Compatible Shockwave Flash 10.1 r999.
Viewtube and linterna-magica are greasemonkey scripts and are not
packaged in the repos. Greasemonkey is a browser extension; you'll find
it in the addons manager for abrowser; not sure how to add those things
in midori. Once greasemonkey is enabled, go to
linternamagica.nongnu.org; you can install the lantern from there; I
chose the link labeled 'user script-uncompresed', or the like.
I tried ViewTube in Midori recently (though this wasn't on Trisquel) and it seems to work perfectly. Same goes for Epiphany (Web) and Arora. For one of them you actually had to right click on the Install button where you download ViewTube and click a menu entry that said something like "Install Greasemonkey script"; I'm not sure if that was Midori or one of the others I tried.
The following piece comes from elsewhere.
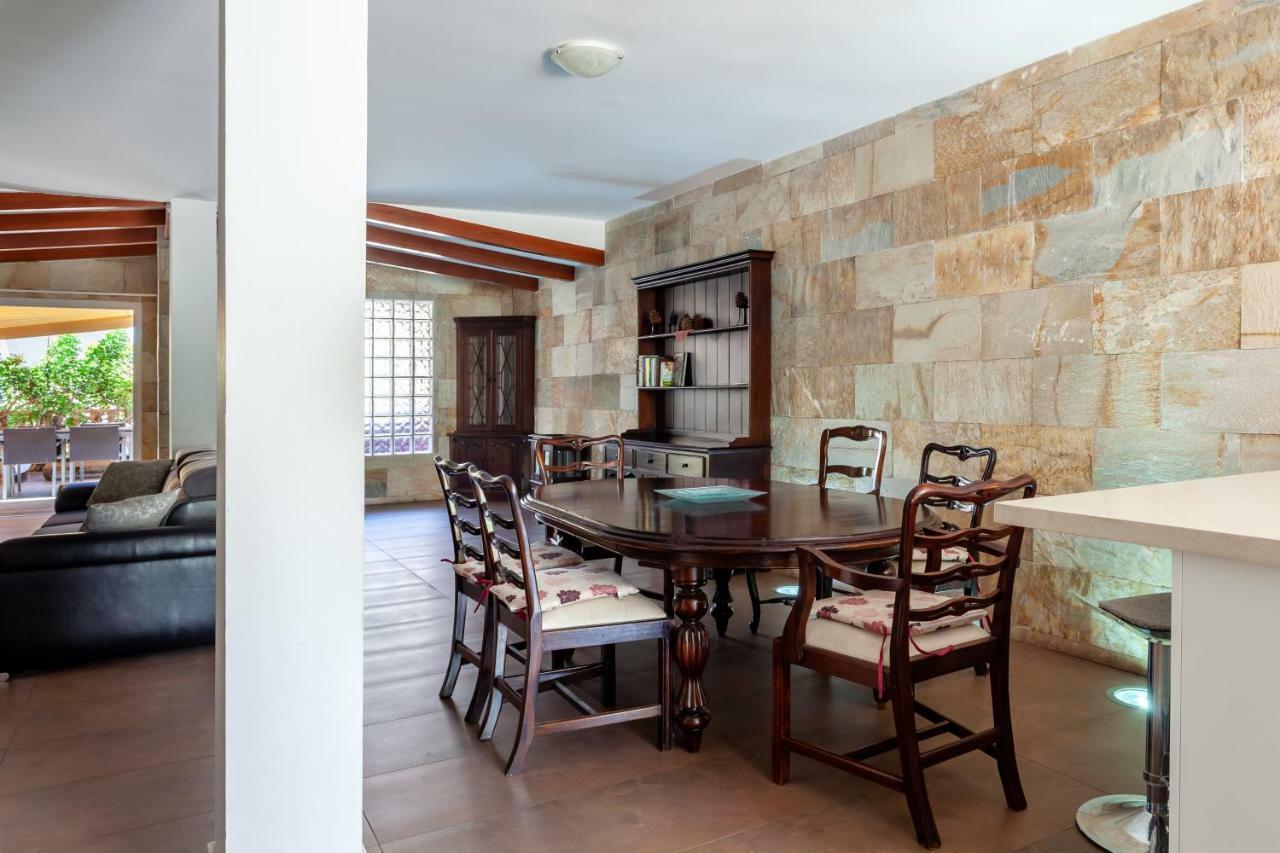 Cozy Townhouse In El Duque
If you copy and paste the YouTube link into VLC (Open Network Stream option), it will play the H264 or WebM video. I have run into issues with this method if its a streaming event in Flash or if the video is forced to Flash only by the author.
I finally discovered the solution to playing streaming media inline with Midori on Trisquel Mini.
None of the userscripts mentioned above were allowing me to play any video. Midori plays such things in Trisquel (not MINI) usually, so I figured there must be a missing plugin in the default Mini software. Finally, I found something in the Midori FAQ here under "HTML5 Video doesn't play": http://midori-browser.org/faqs/ . According to this, Midori does use Gstreamer. I looked in Synaptic on Trisquel Mini and found gstreamer...-pulse missing; after installing that, videos now play. For some formats I suspect more missing plugins need to be installed from the repo.
I hope this helps anyone else who finds Trisquel Mini unable to stream internet media!